Exercise aim
Please return the listing exactly as written, but without its pictures.

Information shown
* * *
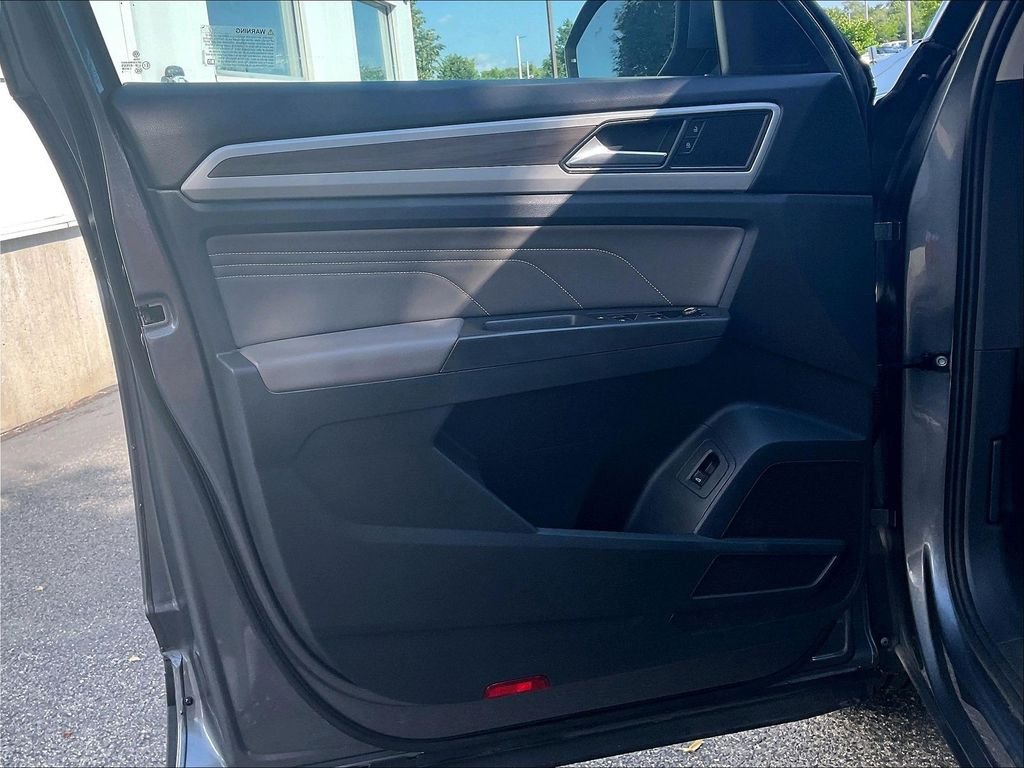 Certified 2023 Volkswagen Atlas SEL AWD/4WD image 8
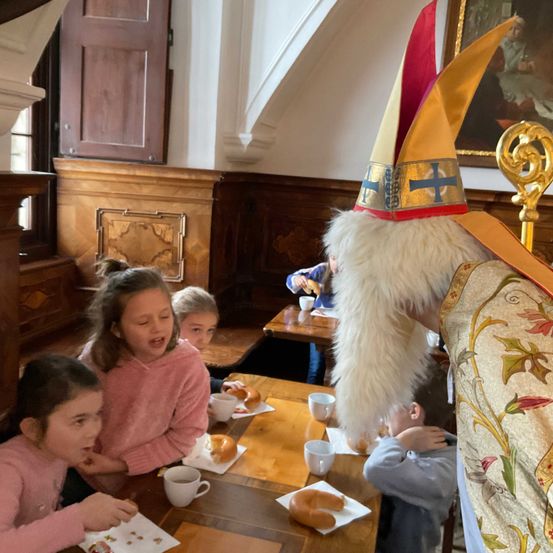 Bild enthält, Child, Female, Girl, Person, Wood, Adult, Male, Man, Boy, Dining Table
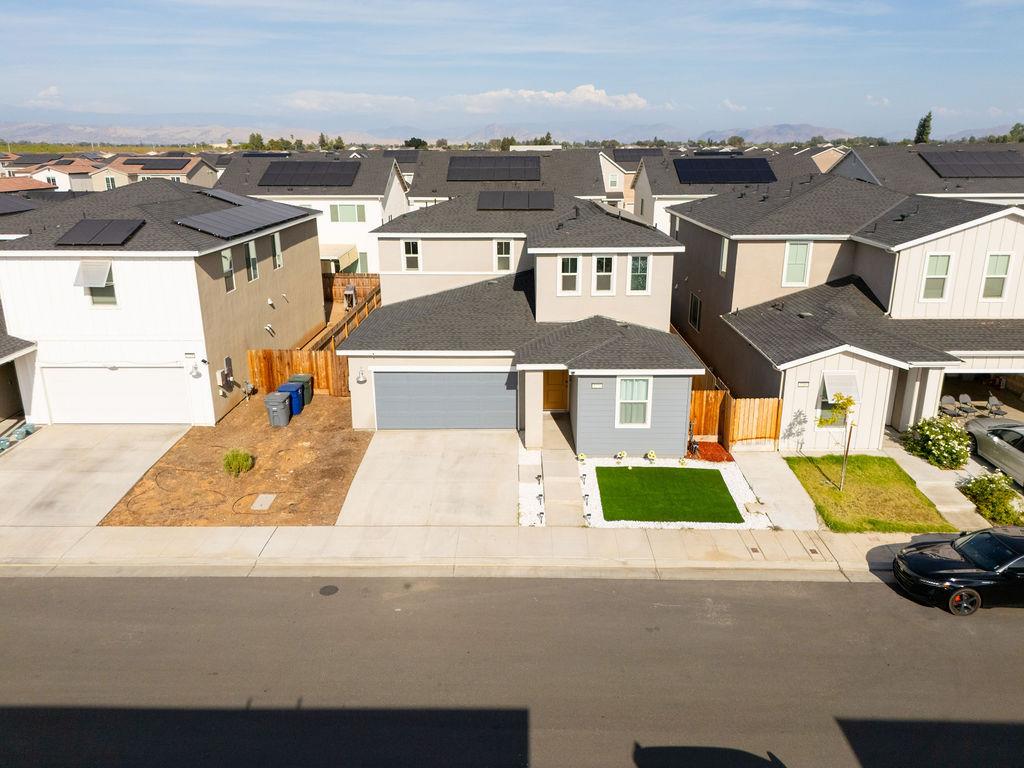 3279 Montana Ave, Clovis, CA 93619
* * *
Task output
 Certified 2023 Volkswagen Atlas SEL AWD/4WD image 8
 Bild enthält, Child, Female, Girl, Person, Wood, Adult, Male, Man, Boy, Dining Table
 3279 Montana Ave, Clovis, CA 93619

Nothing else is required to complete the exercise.